PROBLEM TO SOLVE:
Pictures are to be left out; every line from the one with "Figs Yola High" through the end of the data must be transcribed exactly.

RECORDED DATA START

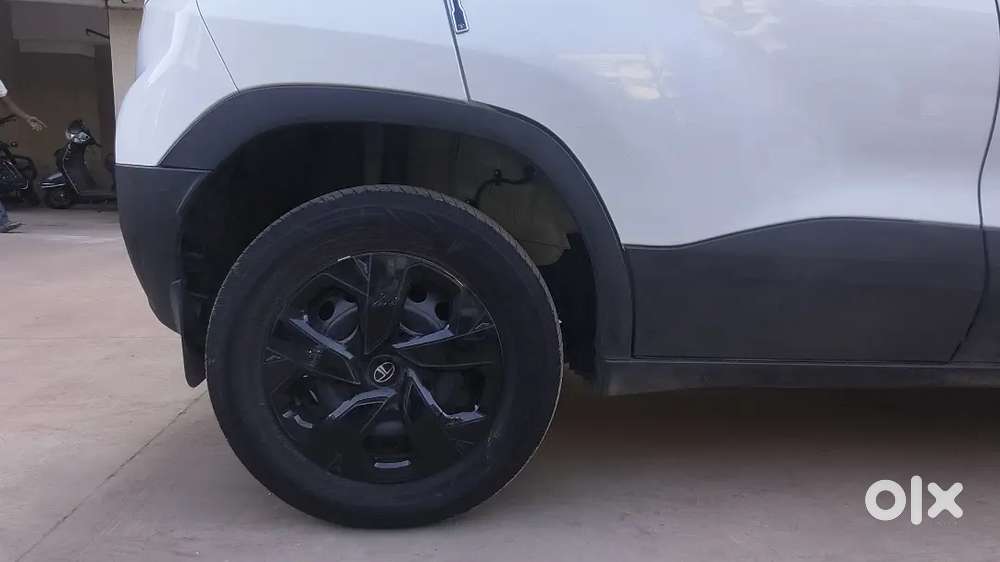 Tata Punch Cng & Hybrids Well Maintained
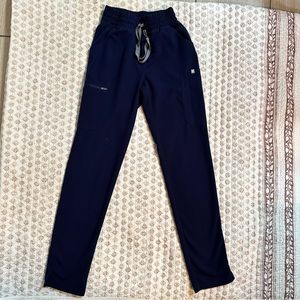 Figs Yola High Waisted - Tall Skinny Scrub Pants - Navy
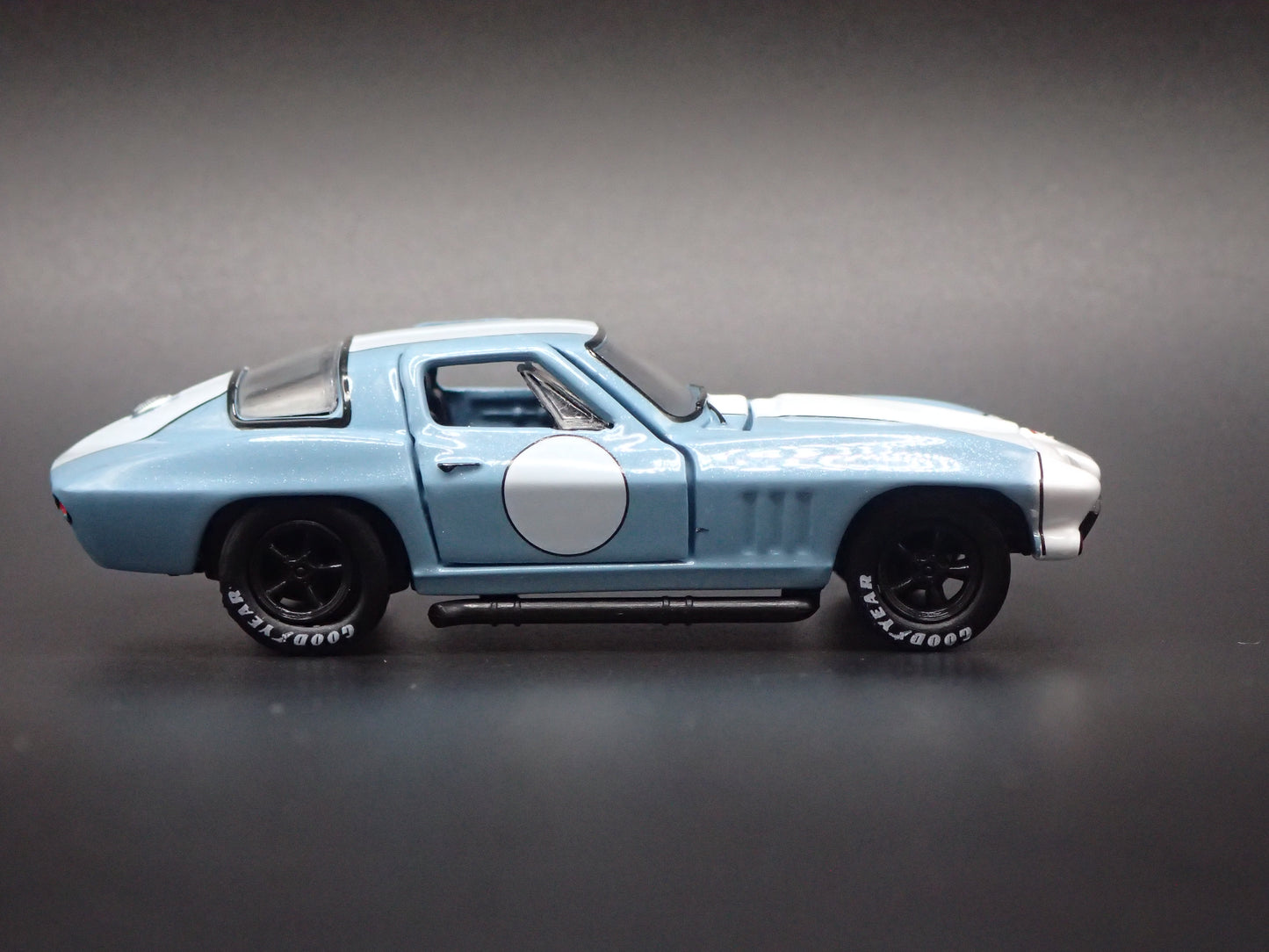 1966 66 CHEVY CHEVROLET CORVETTE 427 BLUE 1:64 SCALE DIORAMA DIECAST MODEL CAR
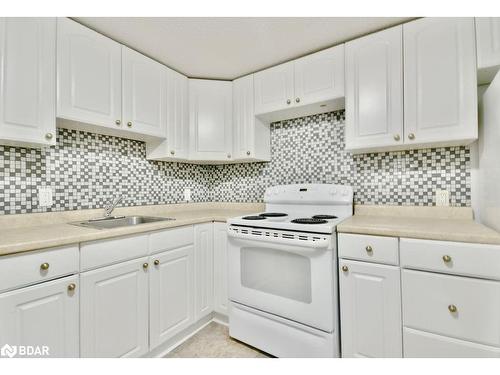 124 Berczy Street, Barrie, ON - Indoor Photo Showing Kitchen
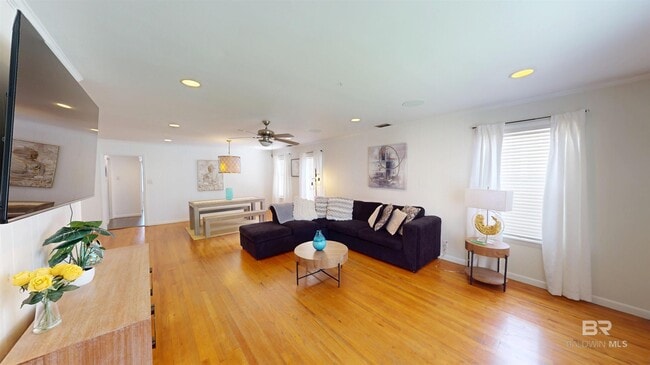 103 Margaret St in Mobile, AL - Foto de edificio - Building Photo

RECORDED DATA END

ANSWER:
 Figs Yola High Waisted - Tall Skinny Scrub Pants - Navy
 1966 66 CHEVY CHEVROLET CORVETTE 427 BLUE 1:64 SCALE DIORAMA DIECAST MODEL CAR
 124 Berczy Street, Barrie, ON - Indoor Photo Showing Kitchen
 103 Margaret St in Mobile, AL - Foto de edificio - Building Photo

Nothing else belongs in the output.